Among the most common diseases in men is diabetes.
The macro and microvascular complications of diabetes are responsible for the high morbidity and mortality of poorly controlled diabetes.

Although diabetes is a global medical problem, it’s most commonly associated with men. According to professional sources, the frequency of prediabetes is 20.2% in the adult population, with a percentage of 23.6% of men and 17.1% of women. The situation worsens more when the picture evolves, as 7.3% of men are diabetic, compared to 3.7% of women.

Type 2 diabetes (the most common) is defined as “a disability in the way the body regulates and uses the level of sugar (glucose) as fuel in the body.” This long-term condition increases blood sugar levels and causes tissue damage, even causing loss of vision (in conditions such as diabetic retinopathy).

Without a doubt, the biggest triggers for this type of diabetes are lack of physical activity and obesity. Leading a healthy lifestyle drastically reduces the chances of presenting this clinical picture in adulthood, whether you’re a man or a woman.

In recent years, premature mortality from diabetes has increased by 5%, a significant figure.

8. Testicular cancer

Testicular cancer automatically becomes one of the most common diseases in men, as people with female genitalia can’t suffer from it. In any case, it’s not an excessively common neoplasm, as it only appears in 1 in 250 men, as indicated by the portal.
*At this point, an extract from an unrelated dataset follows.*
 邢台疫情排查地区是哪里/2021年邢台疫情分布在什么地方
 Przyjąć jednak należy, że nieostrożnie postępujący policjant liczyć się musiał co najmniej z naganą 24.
In addition, because it can be treated successfully in the vast majority of cases, the probability that a man will die from a testicular tumor is very low, 1 in 5,000 cases. However, this doesn’t mean that it’s a clinical entity that should be taken lightly: Scrotal self-examinations are necessary once a month in order to detect any lump prematurely.

Surgery to remove the entire affected testicle is usually enough to tackle this disease. If remnants of the cancer remain, radiation therapy is used.

The most common diseases in men: A question of bad habits

The vast majority of common diseases in men can be included under the umbrella of vices, specifically if we talk about tobacco. Without going any further, 3 of the 8 diseases cited (COPD, stroke, and lung cancer) are directly influenced by cigarette smoking, so the tips are self-explanatory at this point.

Leading a healthy lifestyle is always necessary, but it seems necessary to emphasize it even more in the male sphere, as men are more likely to take drugs, consume alcohol, have traffic accidents, and have hypertension or diabetes.

If the deconstruction of masculinity has taught us anything in recent decades, it’s that taking care of yourself and wanting to have a prosperous future isn’t only a woman’s business. Physical well-being isn’t associated with “femininity”, but with the right to a full life that we all have until the moment we die. Caring for yourself is vital, whether you’re a man, a woman, or a non-binary person.